Dec 10, 2009

As was to be expected

Cette pense m'a long perturbee --
writes Mourad a little further, describing how, in the midst of the Second World War in Europe, by near-miracle she was saved from public orphanage and taken into a well-off family after her mother's death --
qu'avais-je de plus que de milliers d'autres enfants abandonnees, envoyees a l'Assistance publique ou les plus faibles mouraient? Sinon le fait d'etre une petit princesse?

Est-ce pour cela quel'on m'a gardee? Qui donc aimait-on? Ou etait-je, moi, dans tout cela?

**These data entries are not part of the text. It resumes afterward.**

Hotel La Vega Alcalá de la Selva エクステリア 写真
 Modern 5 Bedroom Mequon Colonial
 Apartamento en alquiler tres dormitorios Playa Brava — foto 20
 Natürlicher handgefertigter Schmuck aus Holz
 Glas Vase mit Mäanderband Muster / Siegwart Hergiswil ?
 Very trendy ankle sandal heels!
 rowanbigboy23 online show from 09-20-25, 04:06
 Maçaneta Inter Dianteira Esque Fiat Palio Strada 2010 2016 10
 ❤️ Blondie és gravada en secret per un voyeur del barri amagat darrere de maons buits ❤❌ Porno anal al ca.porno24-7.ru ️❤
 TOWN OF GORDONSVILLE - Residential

The note is wrong -- in as many sentences -- on three accounts:

first: true princes (and princesses) do not bewail the injustice of their elevated social status, but see it rather as a call to duty (noblesse oblige, to whom much was given, etc.): our good fortune is supposed to give us a titanium moral spine, miss Kenize;

second: there is no such thing as "moi-meme" -- a person, an individuality -- apart from being the prince or princess that we are; one does not love a princess the way one may love any other girl; no princess who expects to be loved like any other girl deserves to be one; why: no such girl is one; and,

third: what is this base whining (in itself bad enough) to one's social inferiors (ie. the general public) about being unloved and unappreciated?

You are not a princess, Mme Mourad. I don't recognize you.